◆ DESCRIPTION OF THE TASK
Your reply should restate the lines from the top of the entries through the line containing "Sparkling Silver Choker Necklaces" word for word, with no pictures.

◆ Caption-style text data
■ ■ ■ ■

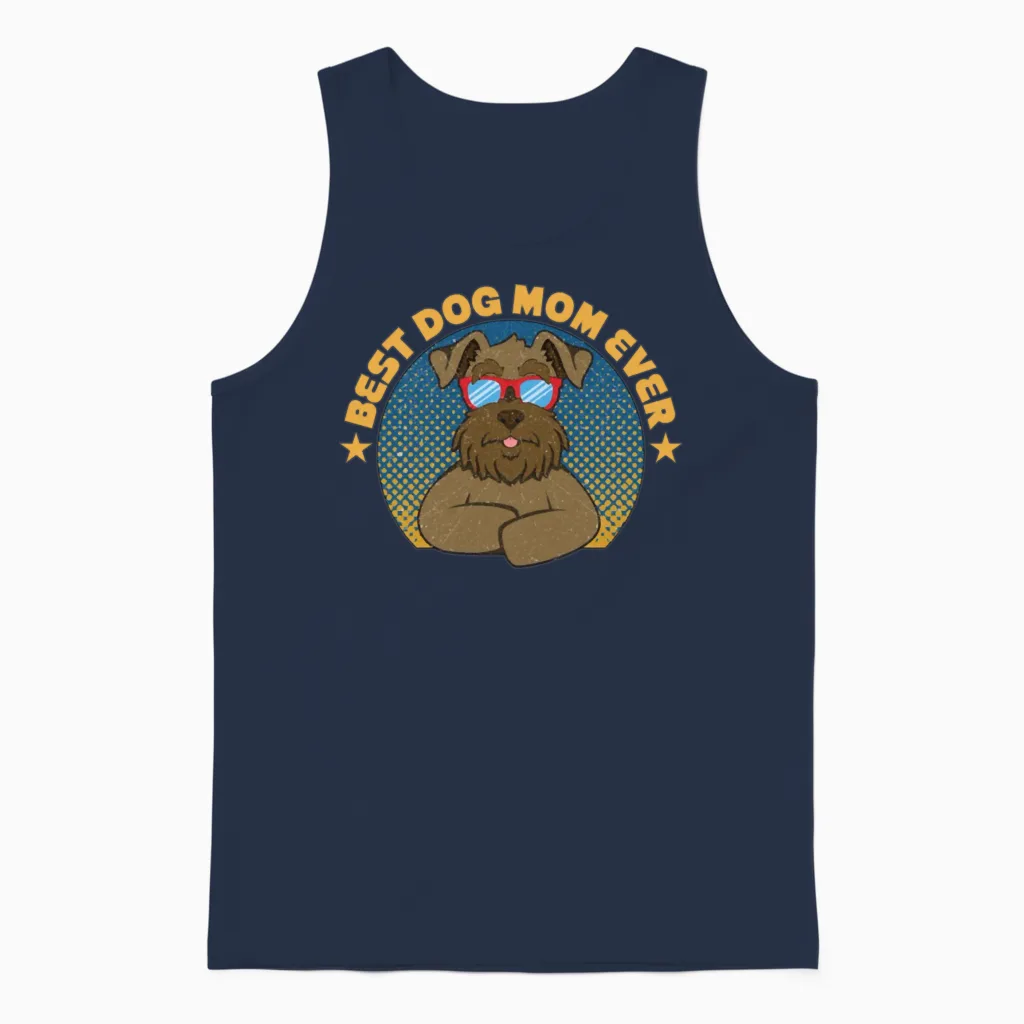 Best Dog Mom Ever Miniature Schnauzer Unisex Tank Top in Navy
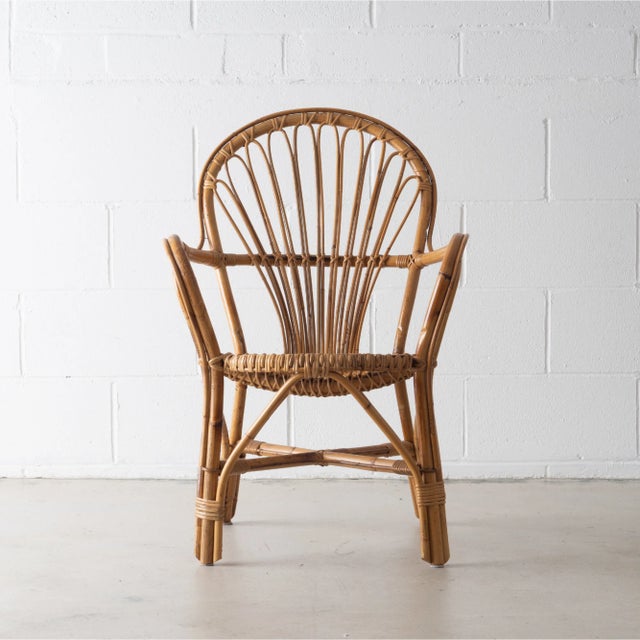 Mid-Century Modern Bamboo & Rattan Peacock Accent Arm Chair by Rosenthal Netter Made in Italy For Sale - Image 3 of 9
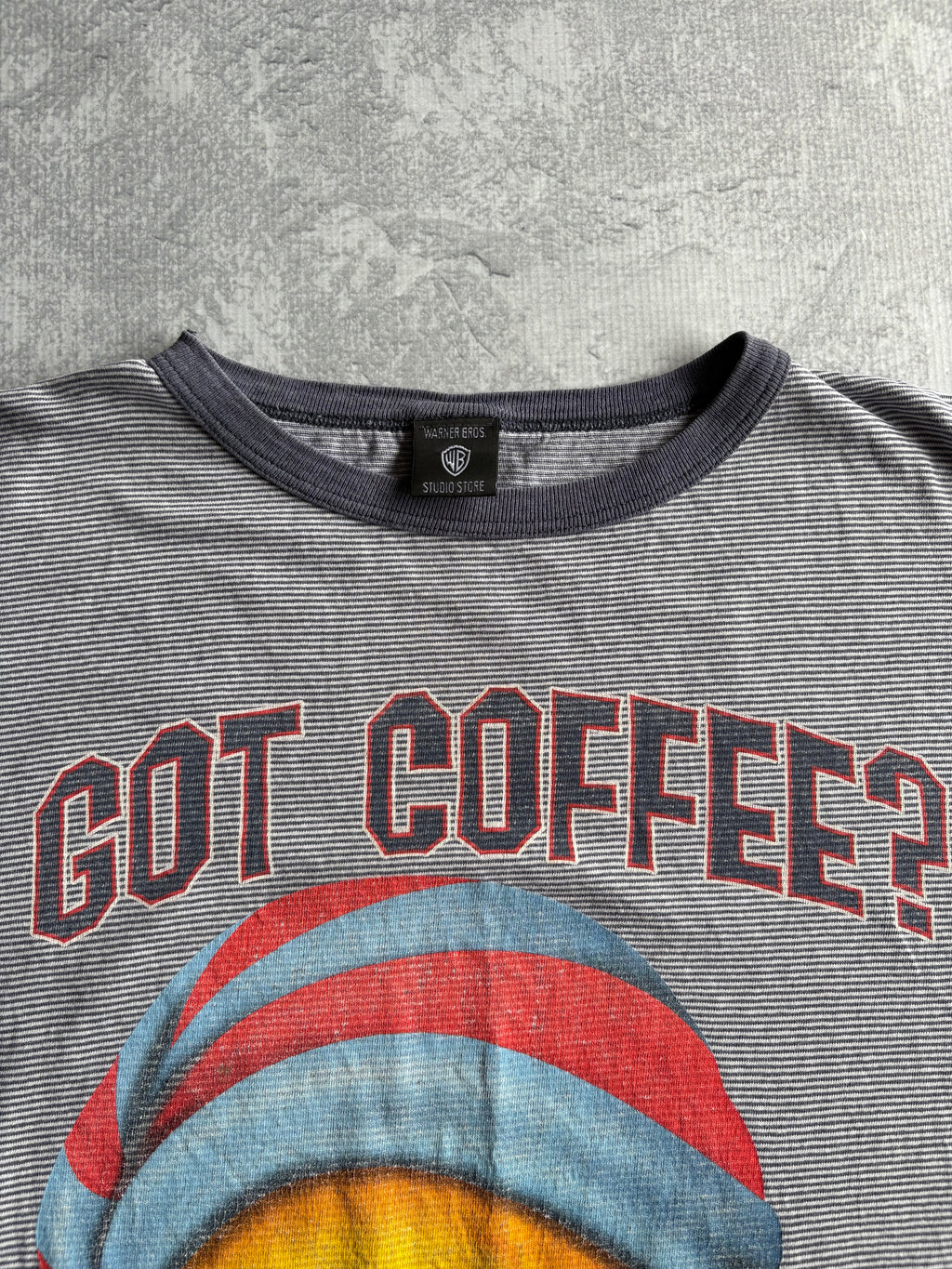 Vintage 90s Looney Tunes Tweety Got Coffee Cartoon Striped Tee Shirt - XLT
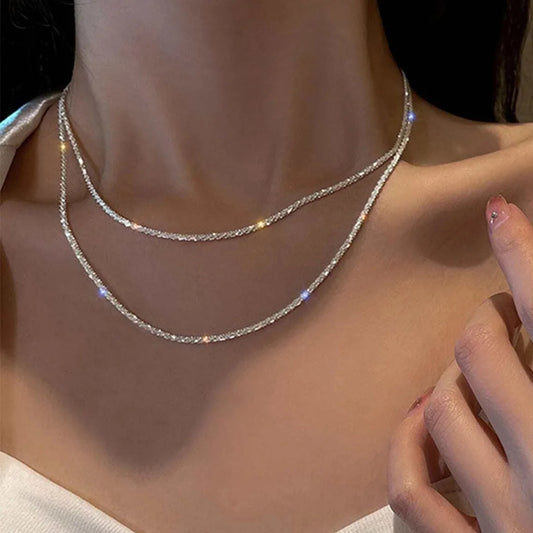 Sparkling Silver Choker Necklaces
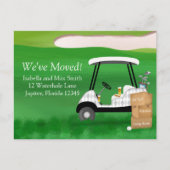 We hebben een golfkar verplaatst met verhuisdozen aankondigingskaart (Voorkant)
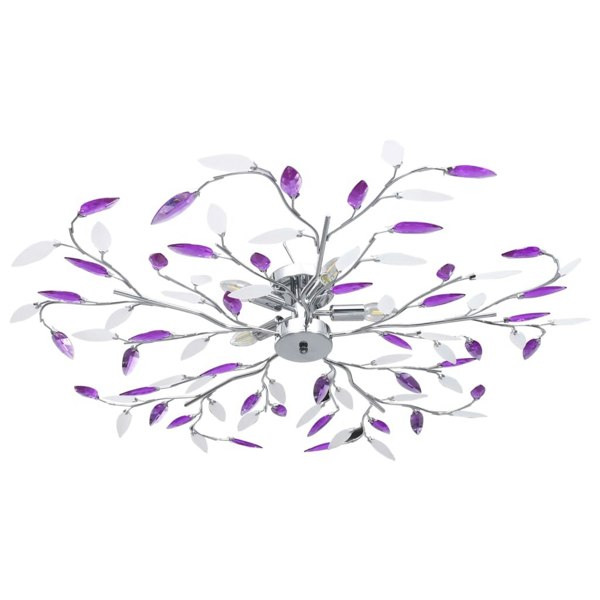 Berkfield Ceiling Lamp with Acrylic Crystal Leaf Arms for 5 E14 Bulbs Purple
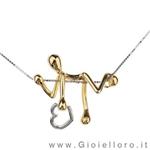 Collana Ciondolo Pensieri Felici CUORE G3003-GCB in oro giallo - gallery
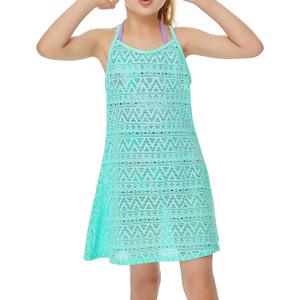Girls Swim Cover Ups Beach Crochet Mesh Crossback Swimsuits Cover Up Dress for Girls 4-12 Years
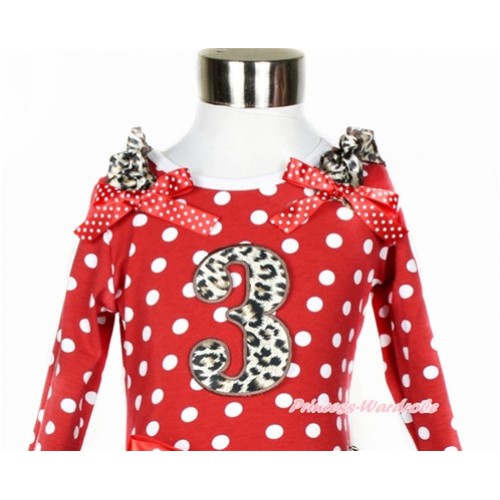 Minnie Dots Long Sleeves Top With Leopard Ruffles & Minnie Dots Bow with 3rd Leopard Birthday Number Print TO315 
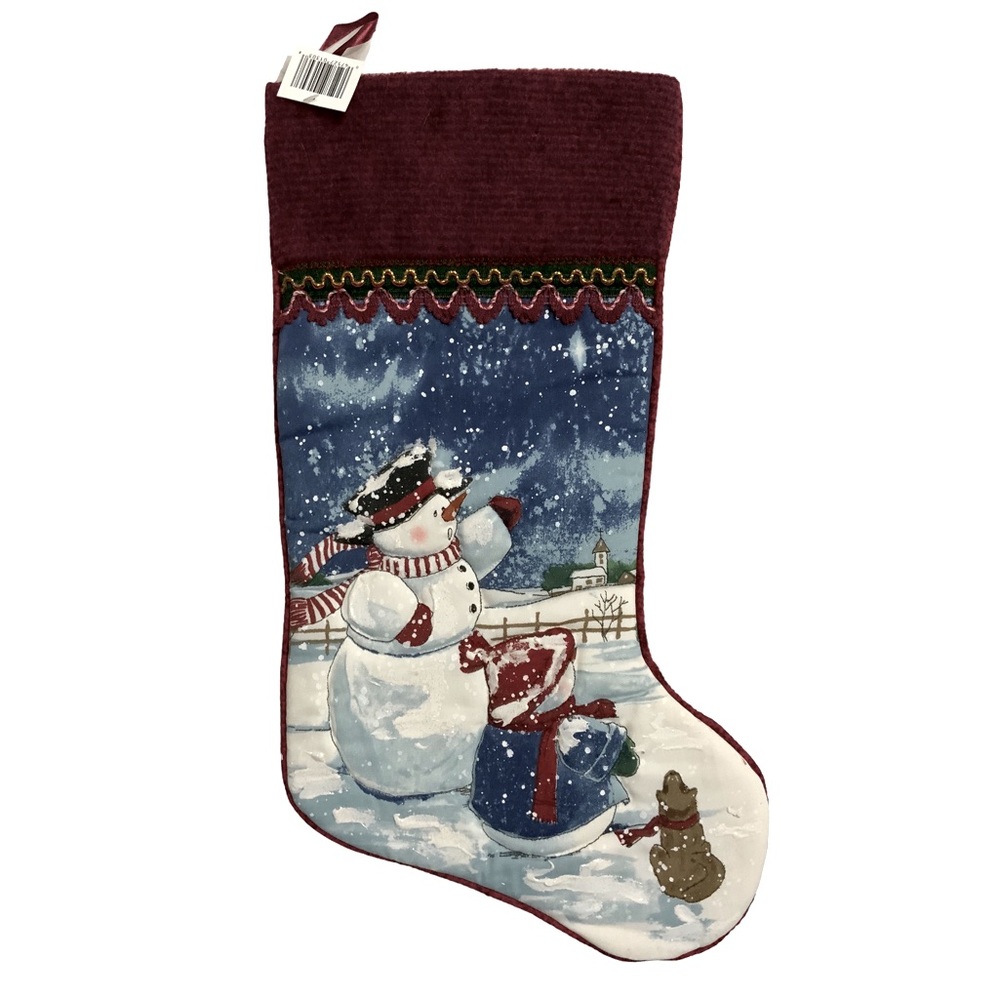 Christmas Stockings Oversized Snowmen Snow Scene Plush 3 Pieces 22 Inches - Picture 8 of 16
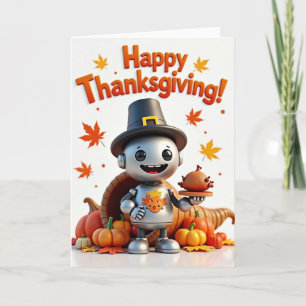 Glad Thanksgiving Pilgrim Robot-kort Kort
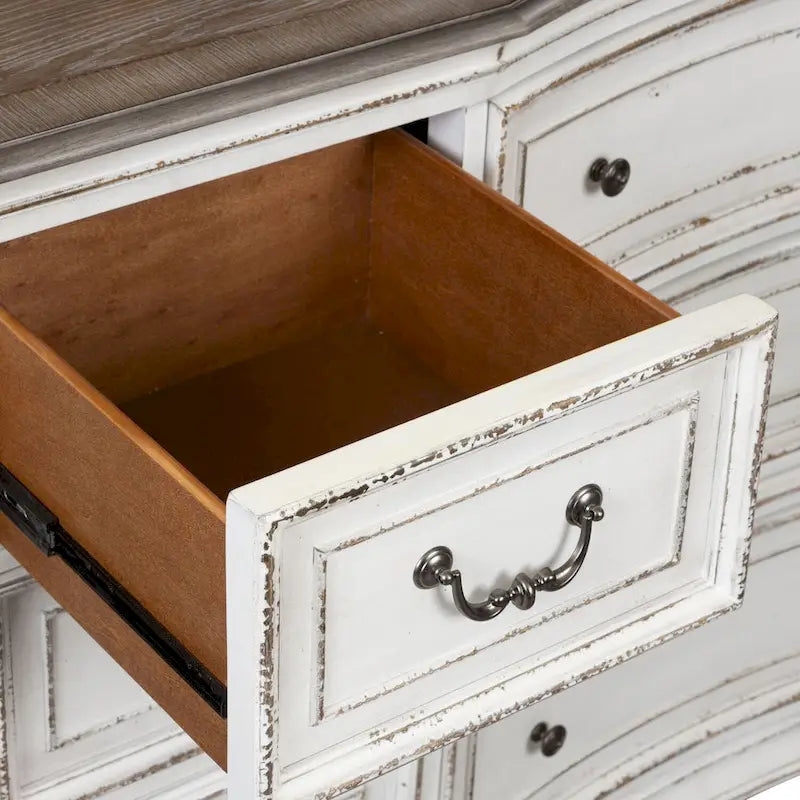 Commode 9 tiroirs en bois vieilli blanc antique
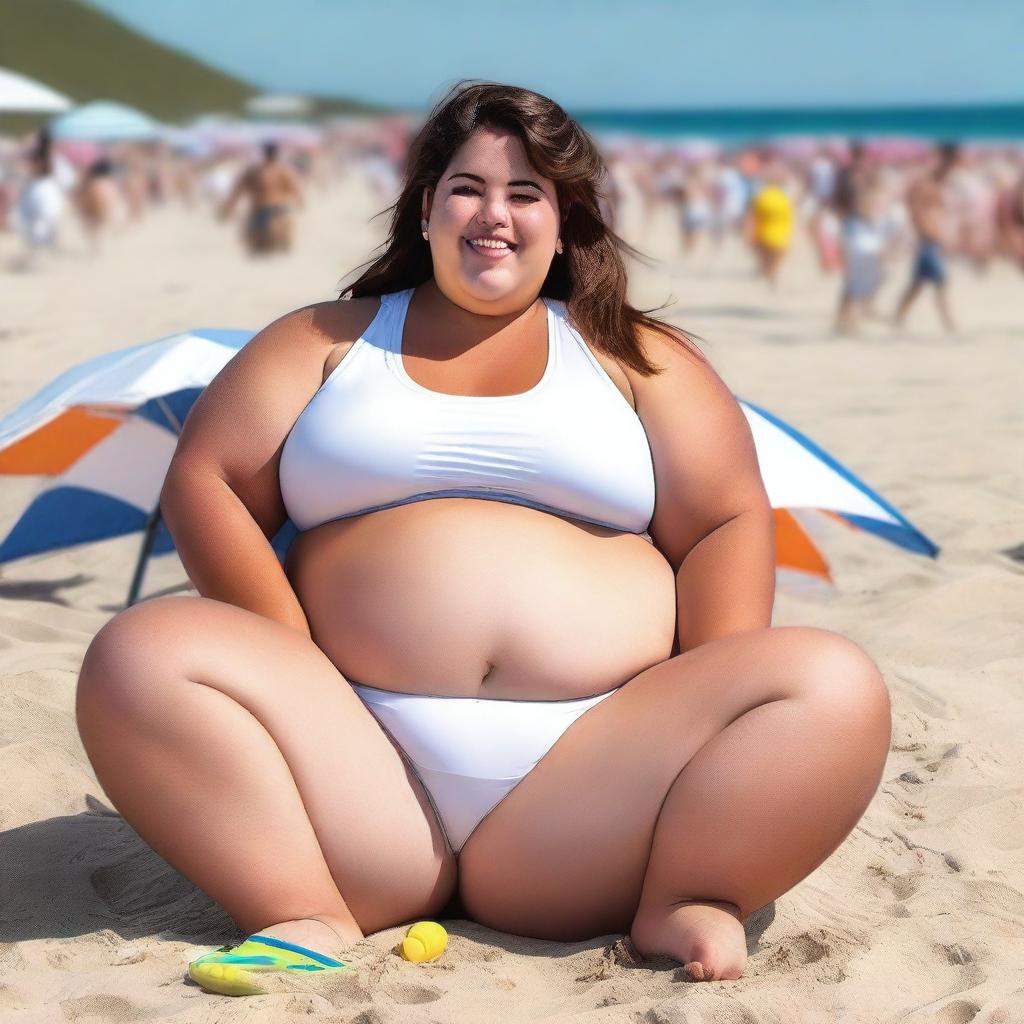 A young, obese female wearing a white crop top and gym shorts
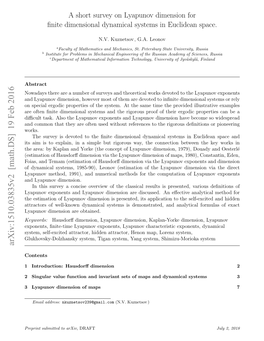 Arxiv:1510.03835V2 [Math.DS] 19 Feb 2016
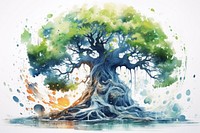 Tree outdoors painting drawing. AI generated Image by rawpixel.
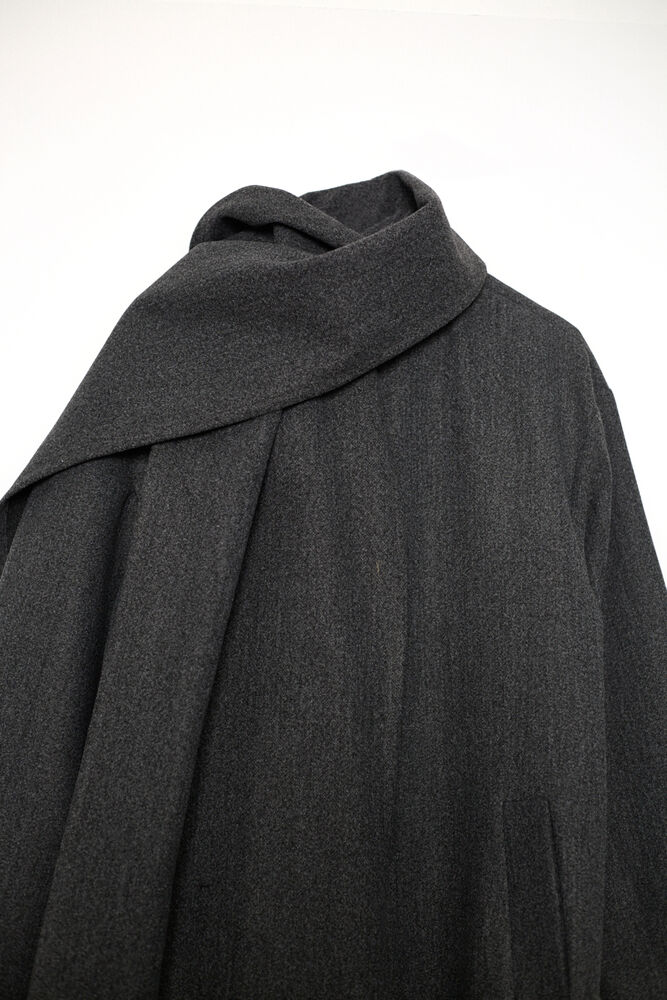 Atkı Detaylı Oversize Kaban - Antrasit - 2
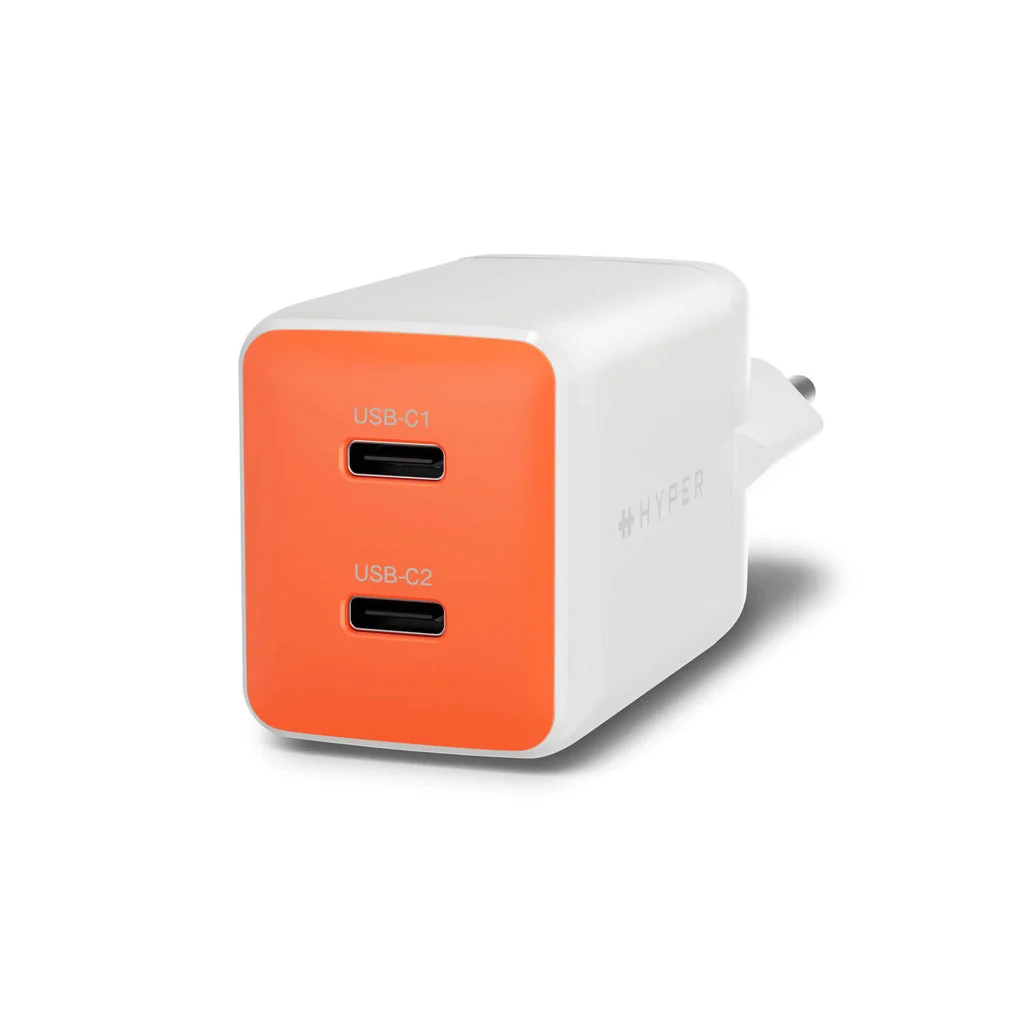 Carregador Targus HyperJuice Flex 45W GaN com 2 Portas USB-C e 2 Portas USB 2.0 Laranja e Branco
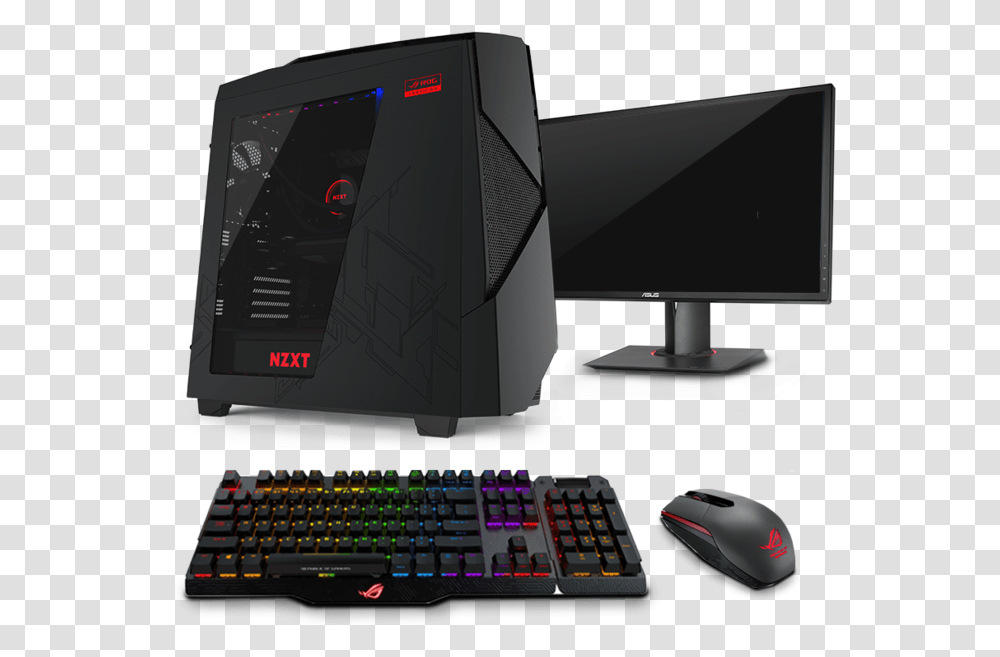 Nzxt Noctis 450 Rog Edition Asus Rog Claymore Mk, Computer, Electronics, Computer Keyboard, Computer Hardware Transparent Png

■ ■ ■ ■

◆ RESULT OF THE TASK
 Best Dog Mom Ever Miniature Schnauzer Unisex Tank Top in Navy
 Mid-Century Modern Bamboo & Rattan Peacock Accent Arm Chair by Rosenthal Netter Made in Italy For Sale - Image 3 of 9
 Vintage 90s Looney Tunes Tweety Got Coffee Cartoon Striped Tee Shirt - XLT
 Sparkling Silver Choker Necklaces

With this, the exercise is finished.